Esse sistema funciona como uma tomografia da Terra: os inventários nacionais dão uma primeira estimativa de emissões e o modelo ajusta esses números até que batam com o que o satélite realmente observa. O resultado é um mapa global, atualizado ano a ano, que mostra com muito mais clareza quais países e setores estão subestimando ou superestimando o metano que colocam na atmosfera.

Quem mais emite metano, e por quê

O trabalho confirma que a maior parte do metano vem de atividades humanas, especialmente do jeito como produzimos alimento e energia. Ao cruzar observações de satélite com dados oficiais, os cientistas concluíram que as emissões globais de origem humana são, em média, mais altas do que as declaradas em relatórios nacionais.

Entre as principais fontes, se destacam:

  • rebanhos bovinos e outros animais ruminantes, que emitem metano na digestão e no manejo de dejetos;
  • aterros sanitários e lixões, onde o lixo orgânico se decompõe sem controle e libera grandes volumes de gás;
  • vazamentos e queimas incompletas na produção, transporte e refino de petróleo e gás natural;
  • áreas de arroz irrigado e reservatórios hidrelétricos, que criam condições ideais para a formação de metano em ambientes alagados.
Um pequeno grupo de grandes emissores concentra boa parte do problema: China, Estados Unidos, Índia e Brasil respondem juntos por uma fatia significativa das emissões globais de metano.

Ao mesmo tempo, há enormes diferenças de eficiência entre países e regiões, sinalizando espaço para melhorar tecnologia, manejo e fiscalização.

Brasil sob os satélites

Para o Brasil, o recado é direto. O país está entre os líderes mundiais em emissões de metano, principalmente por causa da pecuária, do manejo de resíduos sólidos urbanos e de reservatórios de usinas hidrelétricas.

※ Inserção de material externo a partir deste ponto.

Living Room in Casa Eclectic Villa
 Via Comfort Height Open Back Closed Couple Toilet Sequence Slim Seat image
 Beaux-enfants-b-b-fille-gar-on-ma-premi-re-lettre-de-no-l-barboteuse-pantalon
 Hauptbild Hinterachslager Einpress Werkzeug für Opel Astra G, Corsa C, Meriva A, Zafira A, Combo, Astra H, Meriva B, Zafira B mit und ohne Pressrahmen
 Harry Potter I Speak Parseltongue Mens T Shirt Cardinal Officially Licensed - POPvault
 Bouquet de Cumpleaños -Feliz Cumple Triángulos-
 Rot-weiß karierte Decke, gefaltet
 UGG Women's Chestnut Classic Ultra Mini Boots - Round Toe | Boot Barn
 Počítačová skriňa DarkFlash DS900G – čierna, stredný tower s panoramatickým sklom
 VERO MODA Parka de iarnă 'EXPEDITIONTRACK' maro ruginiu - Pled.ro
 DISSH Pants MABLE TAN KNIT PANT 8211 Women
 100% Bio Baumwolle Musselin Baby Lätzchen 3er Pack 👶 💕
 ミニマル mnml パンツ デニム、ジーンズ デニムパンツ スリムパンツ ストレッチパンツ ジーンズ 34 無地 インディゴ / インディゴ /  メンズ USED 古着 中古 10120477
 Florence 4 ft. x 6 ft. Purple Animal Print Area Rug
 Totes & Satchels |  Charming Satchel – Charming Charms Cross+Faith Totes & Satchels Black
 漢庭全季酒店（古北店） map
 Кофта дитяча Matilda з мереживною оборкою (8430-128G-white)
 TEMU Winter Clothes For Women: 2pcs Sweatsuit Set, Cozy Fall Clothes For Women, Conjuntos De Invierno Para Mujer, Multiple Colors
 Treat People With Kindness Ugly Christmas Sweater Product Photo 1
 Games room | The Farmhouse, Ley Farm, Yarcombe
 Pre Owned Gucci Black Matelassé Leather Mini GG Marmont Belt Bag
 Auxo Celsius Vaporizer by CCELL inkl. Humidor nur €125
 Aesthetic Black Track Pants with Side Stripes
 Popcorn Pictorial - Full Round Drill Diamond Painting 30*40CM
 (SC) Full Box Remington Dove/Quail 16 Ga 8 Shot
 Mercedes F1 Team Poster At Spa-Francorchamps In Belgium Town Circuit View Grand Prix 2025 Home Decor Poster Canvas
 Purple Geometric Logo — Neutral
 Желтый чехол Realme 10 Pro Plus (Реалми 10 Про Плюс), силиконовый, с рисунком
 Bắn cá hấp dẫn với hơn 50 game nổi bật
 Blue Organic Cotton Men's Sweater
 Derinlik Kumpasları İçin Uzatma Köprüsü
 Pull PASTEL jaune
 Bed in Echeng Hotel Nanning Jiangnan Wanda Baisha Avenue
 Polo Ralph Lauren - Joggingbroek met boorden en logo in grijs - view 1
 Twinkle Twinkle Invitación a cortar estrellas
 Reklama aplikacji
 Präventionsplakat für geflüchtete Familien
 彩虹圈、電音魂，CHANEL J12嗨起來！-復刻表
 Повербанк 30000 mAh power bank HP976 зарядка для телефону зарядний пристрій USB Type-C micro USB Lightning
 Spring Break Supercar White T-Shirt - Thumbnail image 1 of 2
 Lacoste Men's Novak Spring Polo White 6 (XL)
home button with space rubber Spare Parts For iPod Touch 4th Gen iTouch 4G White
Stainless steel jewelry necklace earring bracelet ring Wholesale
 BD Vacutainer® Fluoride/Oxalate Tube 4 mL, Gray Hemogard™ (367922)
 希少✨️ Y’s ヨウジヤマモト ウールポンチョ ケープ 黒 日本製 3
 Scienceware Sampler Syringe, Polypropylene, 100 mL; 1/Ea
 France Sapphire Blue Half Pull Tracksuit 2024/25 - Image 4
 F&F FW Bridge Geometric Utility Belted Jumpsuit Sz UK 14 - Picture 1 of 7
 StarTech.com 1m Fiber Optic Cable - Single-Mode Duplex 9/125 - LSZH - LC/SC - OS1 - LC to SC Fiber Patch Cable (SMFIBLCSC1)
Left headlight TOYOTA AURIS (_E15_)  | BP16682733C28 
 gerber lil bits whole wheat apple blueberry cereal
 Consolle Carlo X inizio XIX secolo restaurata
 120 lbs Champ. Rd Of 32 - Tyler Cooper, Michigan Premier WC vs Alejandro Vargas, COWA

Se os satélites indicam valores acima dos inventários oficiais, isso não é apenas um problema de contabilidade: é um alerta de que podemos estar subestimando nosso papel no aquecimento global.

Por outro lado, o metano também representa uma oportunidade. Como esse gás permanece menos tempo na atmosfera que o CO₂, cortes rápidos nas emissões trazem benefícios climáticos em poucas décadas.

Melhorar o manejo de dejetos animais, capturar biogás em aterros e estações de tratamento, reduzir vazamentos na cadeia de petróleo e gás e investir em agricultura de baixa emissão são caminhos concretos e conhecidos. A nova “auditoria” por satélites não serve apenas para apontar culpados, mas para orientar políticas públicas e investimentos.

Referência da notícia

Worldwide inference of national methane emissions by inversion of satellite observations with UNFCCC prior estimates. 11 de dezembro, 2025. East, J.D., Jacob, D.J., Jervis, D. et al.